Все еще президент Медведев отвечал на них как минимум более адекватно, чем все еще премьер Путин — не позволял себе грубостей про бандерлогов и презервативы, зато вносил законопроекты, призванные смягчить политическую систему. Но даже те, кто готов был вручить Медведеву свои надежды на либеральный поворот, уже не видели в нем маяка демократии. А видели только маленького человека с планшетником, иногда откровенно смешного, а чаще пытающегося на публике какой-то безыскусной грубостью преодолеть неизбежное в его ситуации смущение.

К Медведеву перестали относиться всерьез. Путин вернулся в центр общественного внимания: даже те, кто требовал и продолжает требовать его немедленной отставки, произносят его фамилию чаще любой другой. Путин в целом убедил всех, что в доме по-прежнему один хозяин, и этот хозяин ясно представляет себе, как должно функционировать домашнее хозяйство.

Жесткие законы о митингах укладывались в это представление. Процесс Pussy Riot некоторым казался эксцессом исполнителей, но после того, как президент России рассказал канцлеру Германии о чучеле еврея, последние сомнения развеялись.

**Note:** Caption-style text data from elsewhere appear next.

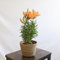 Lilium Natural o Azucena con Flores Naranjas Planta de Interior o Exteror Decoracion de Hogar o Regalo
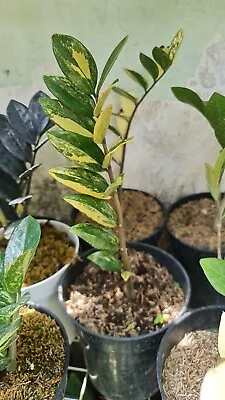 10 Plants Zamia Culcas Zamiifolia Variegated Free Phytosanitary • $300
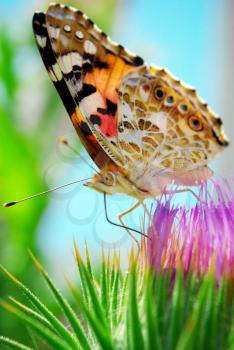 Colorful moth and flower. Season specific.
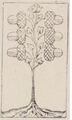 Thumbnail for version as of 08:29, 31 August 2026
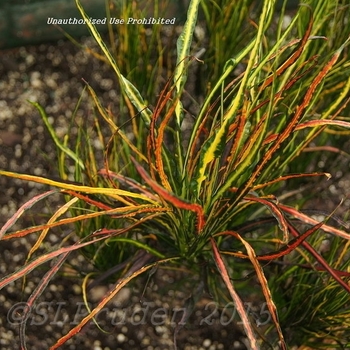 Codiaeum variegatum 'Picasso's Paintbrush' 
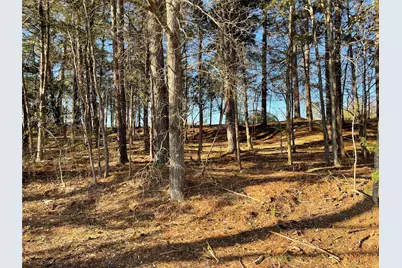 Tbd Lot 3 County Road 2200, Mineola, TX 75773 - Photo 25
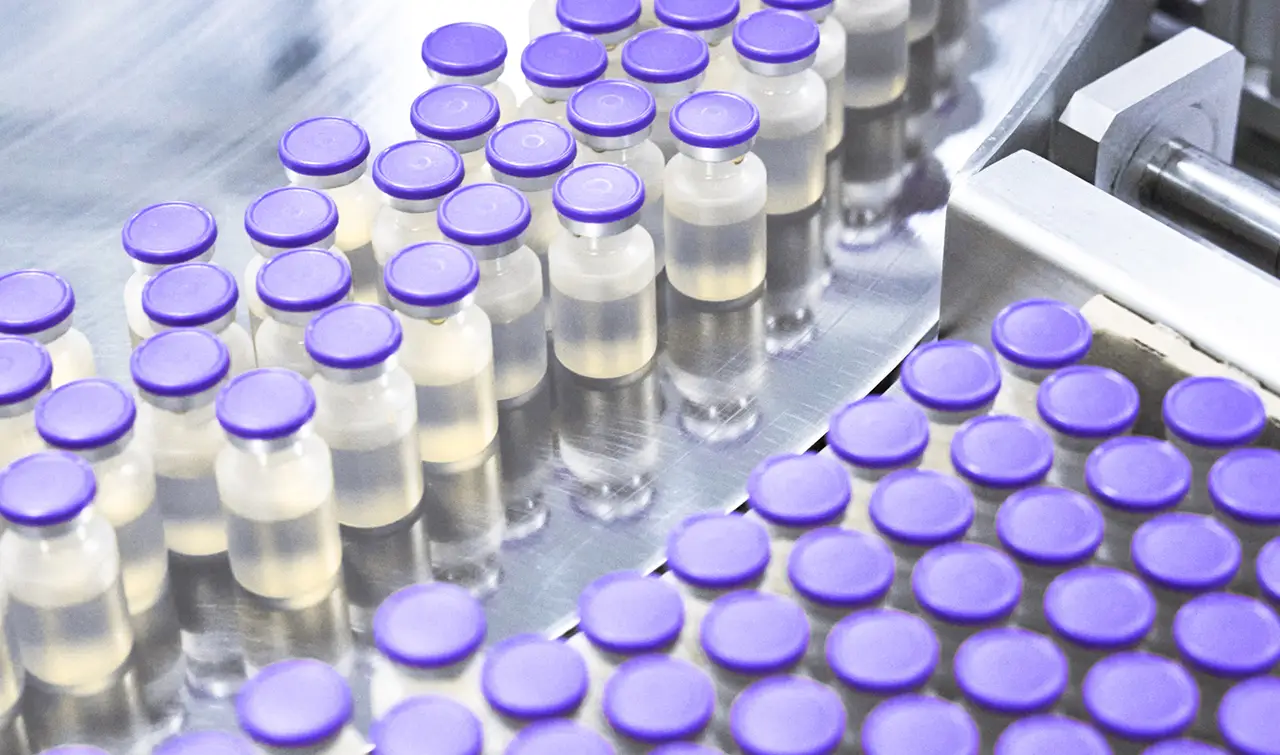Large batch of pharmaceutical glass vials with purple caps on a production tray for clinical or commercial supply.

В политологической среде зазвучал термин "персоналистская диктатура". Либеральные сигналы из Кремля поступать перестали, стал слышен довольно устойчивый и довольно внятный сигнал: "Стоять, бояться, деньги не прятать!"

Как бы подтверждая серьезность намерений, слетел Сердюков. Это была неожиданность — ведь Сердюкова поддерживали и Путин, и Медведев. Но в конторе Сердюкова, похоже, обнаружилось слишком уж явное воровство. Люди в погонах стали говорить по телевизору, что закон един для всех, и если понадобится пригласить Сердюкова на допрос, они пригласят: закон в России, оказывается, един для всех, в том числе и для министров.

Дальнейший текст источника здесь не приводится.